### YOUR TASK
Transcribe, word for word and without additions, each line below from the one containing "Me shooting zombies" through the one containing "D) Sexual contact", both ends included.

Data excerpts
§ §

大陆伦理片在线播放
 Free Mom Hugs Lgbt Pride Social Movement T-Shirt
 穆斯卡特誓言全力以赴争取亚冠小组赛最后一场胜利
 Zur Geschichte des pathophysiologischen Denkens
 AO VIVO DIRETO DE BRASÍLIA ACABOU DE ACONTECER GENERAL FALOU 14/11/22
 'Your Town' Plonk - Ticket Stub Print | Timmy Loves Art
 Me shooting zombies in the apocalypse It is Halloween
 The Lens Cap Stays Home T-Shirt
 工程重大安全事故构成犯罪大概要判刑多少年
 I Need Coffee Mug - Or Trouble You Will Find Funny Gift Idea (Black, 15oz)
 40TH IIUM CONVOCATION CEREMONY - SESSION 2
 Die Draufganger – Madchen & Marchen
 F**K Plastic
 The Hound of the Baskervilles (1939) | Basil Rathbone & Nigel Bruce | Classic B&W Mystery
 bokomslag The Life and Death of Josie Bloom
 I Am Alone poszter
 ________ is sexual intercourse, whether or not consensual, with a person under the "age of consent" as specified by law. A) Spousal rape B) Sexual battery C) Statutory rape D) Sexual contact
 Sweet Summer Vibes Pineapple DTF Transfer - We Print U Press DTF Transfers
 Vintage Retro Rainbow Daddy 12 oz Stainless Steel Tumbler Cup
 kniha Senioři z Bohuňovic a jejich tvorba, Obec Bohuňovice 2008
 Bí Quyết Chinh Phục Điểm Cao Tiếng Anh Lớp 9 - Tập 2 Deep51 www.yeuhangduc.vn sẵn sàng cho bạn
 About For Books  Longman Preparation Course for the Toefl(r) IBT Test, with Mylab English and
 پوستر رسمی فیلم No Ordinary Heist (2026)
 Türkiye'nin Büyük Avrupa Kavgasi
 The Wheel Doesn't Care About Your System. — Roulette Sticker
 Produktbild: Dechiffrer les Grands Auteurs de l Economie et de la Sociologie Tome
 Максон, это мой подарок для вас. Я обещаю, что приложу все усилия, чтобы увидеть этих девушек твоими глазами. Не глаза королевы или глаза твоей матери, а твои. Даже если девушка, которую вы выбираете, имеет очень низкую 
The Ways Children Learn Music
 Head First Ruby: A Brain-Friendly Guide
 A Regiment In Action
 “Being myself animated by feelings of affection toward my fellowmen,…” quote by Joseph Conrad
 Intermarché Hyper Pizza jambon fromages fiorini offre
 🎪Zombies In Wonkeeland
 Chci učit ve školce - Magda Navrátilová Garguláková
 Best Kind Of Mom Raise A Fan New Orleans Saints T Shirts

§ §

### RESPONSE AREA
 Me shooting zombies in the apocalypse It is Halloween
 The Lens Cap Stays Home T-Shirt
 工程重大安全事故构成犯罪大概要判刑多少年
 I Need Coffee Mug - Or Trouble You Will Find Funny Gift Idea (Black, 15oz)
 40TH IIUM CONVOCATION CEREMONY - SESSION 2
 Die Draufganger – Madchen & Marchen
 F**K Plastic
 The Hound of the Baskervilles (1939) | Basil Rathbone & Nigel Bruce | Classic B&W Mystery
 bokomslag The Life and Death of Josie Bloom
 I Am Alone poszter
 ________ is sexual intercourse, whether or not consensual, with a person under the "age of consent" as specified by law. A) Spousal rape B) Sexual battery C) Statutory rape D) Sexual contact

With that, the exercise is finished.